Directions:
Going through the entries below, find how many lines hold "where", then give that number alone.

Stored data entries
=== Begin Enclosure ===
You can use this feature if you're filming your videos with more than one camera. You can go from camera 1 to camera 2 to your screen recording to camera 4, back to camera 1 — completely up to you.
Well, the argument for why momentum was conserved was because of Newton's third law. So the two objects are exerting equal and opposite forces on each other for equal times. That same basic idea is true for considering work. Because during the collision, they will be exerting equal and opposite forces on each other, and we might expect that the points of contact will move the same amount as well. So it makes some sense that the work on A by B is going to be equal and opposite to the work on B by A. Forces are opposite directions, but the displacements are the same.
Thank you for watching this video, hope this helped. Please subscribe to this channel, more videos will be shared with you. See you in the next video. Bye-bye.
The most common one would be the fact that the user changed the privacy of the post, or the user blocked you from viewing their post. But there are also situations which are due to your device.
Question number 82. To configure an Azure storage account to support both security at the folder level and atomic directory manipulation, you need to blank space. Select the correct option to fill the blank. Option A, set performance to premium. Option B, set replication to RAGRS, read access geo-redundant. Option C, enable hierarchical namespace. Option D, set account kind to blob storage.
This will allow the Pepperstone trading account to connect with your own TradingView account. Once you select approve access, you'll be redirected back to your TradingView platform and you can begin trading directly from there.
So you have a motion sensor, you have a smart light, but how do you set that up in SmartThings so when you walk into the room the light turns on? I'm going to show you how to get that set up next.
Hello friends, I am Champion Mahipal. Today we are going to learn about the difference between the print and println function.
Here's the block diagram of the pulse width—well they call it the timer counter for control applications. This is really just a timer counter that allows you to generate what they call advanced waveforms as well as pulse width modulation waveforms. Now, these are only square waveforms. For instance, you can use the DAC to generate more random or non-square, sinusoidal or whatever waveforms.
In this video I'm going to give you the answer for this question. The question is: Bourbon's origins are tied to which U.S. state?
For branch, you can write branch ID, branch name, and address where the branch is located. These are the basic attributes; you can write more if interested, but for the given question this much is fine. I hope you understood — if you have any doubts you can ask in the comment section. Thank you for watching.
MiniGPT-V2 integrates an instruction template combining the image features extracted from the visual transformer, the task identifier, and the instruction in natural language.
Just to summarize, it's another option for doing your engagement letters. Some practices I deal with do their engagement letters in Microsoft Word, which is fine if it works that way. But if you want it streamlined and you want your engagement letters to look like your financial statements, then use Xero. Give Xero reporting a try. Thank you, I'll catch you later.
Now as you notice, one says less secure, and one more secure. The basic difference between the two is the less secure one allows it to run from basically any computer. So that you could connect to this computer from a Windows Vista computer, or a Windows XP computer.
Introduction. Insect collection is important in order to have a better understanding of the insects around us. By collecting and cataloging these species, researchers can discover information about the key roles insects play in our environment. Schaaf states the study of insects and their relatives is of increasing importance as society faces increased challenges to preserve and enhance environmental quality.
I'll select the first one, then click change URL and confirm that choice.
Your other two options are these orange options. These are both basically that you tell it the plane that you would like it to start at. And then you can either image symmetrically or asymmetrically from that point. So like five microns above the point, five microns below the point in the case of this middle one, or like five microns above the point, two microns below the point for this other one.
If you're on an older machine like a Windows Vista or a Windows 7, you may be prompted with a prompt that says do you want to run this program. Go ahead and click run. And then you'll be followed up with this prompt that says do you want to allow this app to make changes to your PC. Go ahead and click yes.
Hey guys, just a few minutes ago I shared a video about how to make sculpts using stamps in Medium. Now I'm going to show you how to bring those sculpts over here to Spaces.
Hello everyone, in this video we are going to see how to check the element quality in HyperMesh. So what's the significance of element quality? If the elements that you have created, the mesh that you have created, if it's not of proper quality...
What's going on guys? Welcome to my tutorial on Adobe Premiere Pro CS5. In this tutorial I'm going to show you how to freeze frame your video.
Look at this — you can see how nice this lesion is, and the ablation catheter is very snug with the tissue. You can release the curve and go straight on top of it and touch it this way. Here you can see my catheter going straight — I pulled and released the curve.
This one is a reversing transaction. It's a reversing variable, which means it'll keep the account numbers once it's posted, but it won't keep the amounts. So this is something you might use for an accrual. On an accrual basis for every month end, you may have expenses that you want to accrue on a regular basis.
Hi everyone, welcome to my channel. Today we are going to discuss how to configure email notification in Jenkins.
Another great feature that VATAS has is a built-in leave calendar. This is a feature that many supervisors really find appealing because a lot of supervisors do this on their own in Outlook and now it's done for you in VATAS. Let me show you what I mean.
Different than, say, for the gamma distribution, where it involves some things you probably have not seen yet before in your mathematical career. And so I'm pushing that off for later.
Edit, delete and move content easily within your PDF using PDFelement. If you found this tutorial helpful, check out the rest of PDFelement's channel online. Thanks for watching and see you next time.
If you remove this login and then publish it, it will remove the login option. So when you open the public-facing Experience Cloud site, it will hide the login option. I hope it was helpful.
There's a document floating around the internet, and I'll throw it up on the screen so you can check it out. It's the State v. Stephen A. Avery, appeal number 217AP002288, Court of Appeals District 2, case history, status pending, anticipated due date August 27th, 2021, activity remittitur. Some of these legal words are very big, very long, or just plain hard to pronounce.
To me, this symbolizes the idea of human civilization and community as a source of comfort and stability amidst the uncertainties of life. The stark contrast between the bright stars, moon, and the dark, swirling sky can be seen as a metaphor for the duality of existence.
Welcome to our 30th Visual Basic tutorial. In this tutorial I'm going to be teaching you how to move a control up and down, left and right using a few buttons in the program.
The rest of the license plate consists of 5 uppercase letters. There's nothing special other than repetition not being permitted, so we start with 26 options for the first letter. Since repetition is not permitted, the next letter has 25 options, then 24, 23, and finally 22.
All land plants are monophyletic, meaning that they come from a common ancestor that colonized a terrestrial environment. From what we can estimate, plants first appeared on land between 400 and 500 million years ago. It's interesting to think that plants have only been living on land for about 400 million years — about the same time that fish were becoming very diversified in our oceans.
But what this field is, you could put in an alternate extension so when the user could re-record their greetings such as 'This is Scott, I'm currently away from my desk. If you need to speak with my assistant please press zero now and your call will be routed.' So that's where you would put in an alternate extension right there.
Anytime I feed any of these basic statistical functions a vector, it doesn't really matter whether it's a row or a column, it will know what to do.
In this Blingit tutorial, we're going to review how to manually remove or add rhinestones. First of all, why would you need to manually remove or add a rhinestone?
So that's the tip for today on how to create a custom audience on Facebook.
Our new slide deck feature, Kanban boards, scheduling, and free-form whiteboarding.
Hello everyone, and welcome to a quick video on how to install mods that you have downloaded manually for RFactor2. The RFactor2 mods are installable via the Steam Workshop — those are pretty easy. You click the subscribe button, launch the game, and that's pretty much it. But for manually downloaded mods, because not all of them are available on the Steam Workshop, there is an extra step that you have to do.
=== End Enclosure ===
Answer to this exercise:
3